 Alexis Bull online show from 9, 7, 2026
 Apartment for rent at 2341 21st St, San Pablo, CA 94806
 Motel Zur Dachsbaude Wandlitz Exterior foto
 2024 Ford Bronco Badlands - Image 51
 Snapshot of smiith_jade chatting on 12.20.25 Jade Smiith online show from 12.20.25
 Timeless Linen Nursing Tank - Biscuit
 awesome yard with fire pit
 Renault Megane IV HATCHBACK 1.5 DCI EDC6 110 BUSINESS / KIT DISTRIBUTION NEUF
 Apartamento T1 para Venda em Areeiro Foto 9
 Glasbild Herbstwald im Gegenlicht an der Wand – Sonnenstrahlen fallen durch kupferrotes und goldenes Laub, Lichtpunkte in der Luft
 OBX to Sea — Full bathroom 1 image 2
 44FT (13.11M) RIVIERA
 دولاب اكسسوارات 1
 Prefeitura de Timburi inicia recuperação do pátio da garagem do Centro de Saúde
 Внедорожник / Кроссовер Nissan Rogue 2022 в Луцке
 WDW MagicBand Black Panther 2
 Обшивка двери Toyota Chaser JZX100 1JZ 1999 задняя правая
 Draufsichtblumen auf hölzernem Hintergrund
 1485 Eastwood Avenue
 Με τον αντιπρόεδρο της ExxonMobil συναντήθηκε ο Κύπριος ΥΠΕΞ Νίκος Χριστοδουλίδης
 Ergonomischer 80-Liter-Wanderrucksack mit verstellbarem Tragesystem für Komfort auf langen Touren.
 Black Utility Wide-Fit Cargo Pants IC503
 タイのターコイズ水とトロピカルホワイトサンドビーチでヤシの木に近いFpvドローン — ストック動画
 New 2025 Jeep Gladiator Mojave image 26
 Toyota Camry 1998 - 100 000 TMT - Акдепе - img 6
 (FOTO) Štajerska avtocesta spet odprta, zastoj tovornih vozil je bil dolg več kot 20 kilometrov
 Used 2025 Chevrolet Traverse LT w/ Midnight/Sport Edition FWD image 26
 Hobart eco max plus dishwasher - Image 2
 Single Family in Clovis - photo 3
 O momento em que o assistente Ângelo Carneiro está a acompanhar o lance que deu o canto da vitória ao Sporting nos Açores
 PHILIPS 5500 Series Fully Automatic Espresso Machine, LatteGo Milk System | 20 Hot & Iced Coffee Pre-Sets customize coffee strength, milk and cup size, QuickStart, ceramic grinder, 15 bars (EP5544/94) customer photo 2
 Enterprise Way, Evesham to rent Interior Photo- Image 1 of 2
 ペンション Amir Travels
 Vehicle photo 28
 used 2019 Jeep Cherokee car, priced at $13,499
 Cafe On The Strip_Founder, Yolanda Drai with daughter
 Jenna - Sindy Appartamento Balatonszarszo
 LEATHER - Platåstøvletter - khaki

════════════════

Retype the material above, character for character.

* Result
 Alexis Bull online show from 9, 7, 2026
 Apartment for rent at 2341 21st St, San Pablo, CA 94806
 Motel Zur Dachsbaude Wandlitz Exterior foto
 2024 Ford Bronco Badlands - Image 51
 Snapshot of smiith_jade chatting on 12.20.25 Jade Smiith online show from 12.20.25
 Timeless Linen Nursing Tank - Biscuit
 awesome yard with fire pit
 Renault Megane IV HATCHBACK 1.5 DCI EDC6 110 BUSINESS / KIT DISTRIBUTION NEUF
 Apartamento T1 para Venda em Areeiro Foto 9
 Glasbild Herbstwald im Gegenlicht an der Wand – Sonnenstrahlen fallen durch kupferrotes und goldenes Laub, Lichtpunkte in der Luft
 OBX to Sea — Full bathroom 1 image 2
 44FT (13.11M) RIVIERA
 دولاب اكسسوارات 1
 Prefeitura de Timburi inicia recuperação do pátio da garagem do Centro de Saúde
 Внедорожник / Кроссовер Nissan Rogue 2022 в Луцке
 WDW MagicBand Black Panther 2
 Обшивка двери Toyota Chaser JZX100 1JZ 1999 задняя правая
 Draufsichtblumen auf hölzernem Hintergrund
 1485 Eastwood Avenue
 Με τον αντιπρόεδρο της ExxonMobil συναντήθηκε ο Κύπριος ΥΠΕΞ Νίκος Χριστοδουλίδης
 Ergonomischer 80-Liter-Wanderrucksack mit verstellbarem Tragesystem für Komfort auf langen Touren.
 Black Utility Wide-Fit Cargo Pants IC503
 タイのターコイズ水とトロピカルホワイトサンドビーチでヤシの木に近いFpvドローン — ストック動画
 New 2025 Jeep Gladiator Mojave image 26
 Toyota Camry 1998 - 100 000 TMT - Акдепе - img 6
 (FOTO) Štajerska avtocesta spet odprta, zastoj tovornih vozil je bil dolg več kot 20 kilometrov
 Used 2025 Chevrolet Traverse LT w/ Midnight/Sport Edition FWD image 26
 Hobart eco max plus dishwasher - Image 2
 Single Family in Clovis - photo 3
 O momento em que o assistente Ângelo Carneiro está a acompanhar o lance que deu o canto da vitória ao Sporting nos Açores
 PHILIPS 5500 Series Fully Automatic Espresso Machine, LatteGo Milk System | 20 Hot & Iced Coffee Pre-Sets customize coffee strength, milk and cup size, QuickStart, ceramic grinder, 15 bars (EP5544/94) customer photo 2
 Enterprise Way, Evesham to rent Interior Photo- Image 1 of 2
 ペンション Amir Travels
 Vehicle photo 28
 used 2019 Jeep Cherokee car, priced at $13,499
 Cafe On The Strip_Founder, Yolanda Drai with daughter
 Jenna - Sindy Appartamento Balatonszarszo
 LEATHER - Platåstøvletter - khaki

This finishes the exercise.